PLAYA DEL CARMEN, Q. Roo — Since 2012 when Quintana Roo reported a margin of participation in money laundering through investment projects, this state remains one of the main places where transactions presumably made with suspicious resources are recorded. However, David Enrique Merino Téllez, general director of the National Center for Tax Studies and Research (Cenesit), said that the exact magnitude is unknown.
“The Finance Intelligence Unit (FIU) has been able to detect operations and procedures, and there are a number of requirements for vulnerable activities that seek to ensure that all those who carry out illicit operations are obliged to report how the acts are performed,” he said.
In the FIU Receipt Report 2015, Quintana Roo ranked No. 4 in the national ranking where reports of unusual transactions (ROI’s) were received, with money laundering estimated to be 10 issues per 10 thousand inhabitants, ranking only behind Mexico City, Sinaloa and Baja California, where they reported 25, 19, and 13 ROI’s respectively.

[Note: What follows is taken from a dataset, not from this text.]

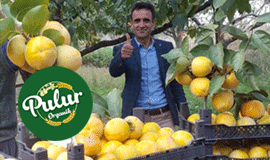 Pulur Organik – Mehmet Ferit Yarar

During his participation in a training program of the Mexican Association of Real Estate Professionals (AMPI), Merino Téllez indicated that “tourist areas are highly sought after, many of the people who have laundered assets invest in places like Cancun, Tulum, Playa del Carmen.”
‘Paradise of evasion’
In 2012, Simón Pablo Herrera Bazán, doctor in Criminal Sciences and Criminal Policy and doctor in Public Administration, not only reported that one of the economic activities that contributed resources of illicit origin to the national Gross Domestic Product (GDP) was investment, but many of them were made in places like Quintana Roo, which he described as a “paradise of evasion.”
However, in practice, considered David Enrique Merino, it is difficult to know the magnitude of transactions to launder money.
The Mexican Caribbean “is a region where operations of this type have been detected. There is a high incidence of laundering transactions. The resources that are generated from illicit activities are invested, in Quintana Roo there have been cases but there are not many, because there is a process through which you have to prove that it is illicit money,” he said.
What is detected is the way of operating: companies are created without assets but they move in the immediacy of finance from other equally ghost companies, and in those transactions the money is diluted until the last company performs the purchase operation.
While Quintana Roo is ranked number four in ROI per capita in 2015, on the basis of net counting of the number of such reports by the FIU, the state does not appear in the top ten. In that year number 10 was occupied by Tamaulipas with 5,004, and in first place was Mexico City with 39,463.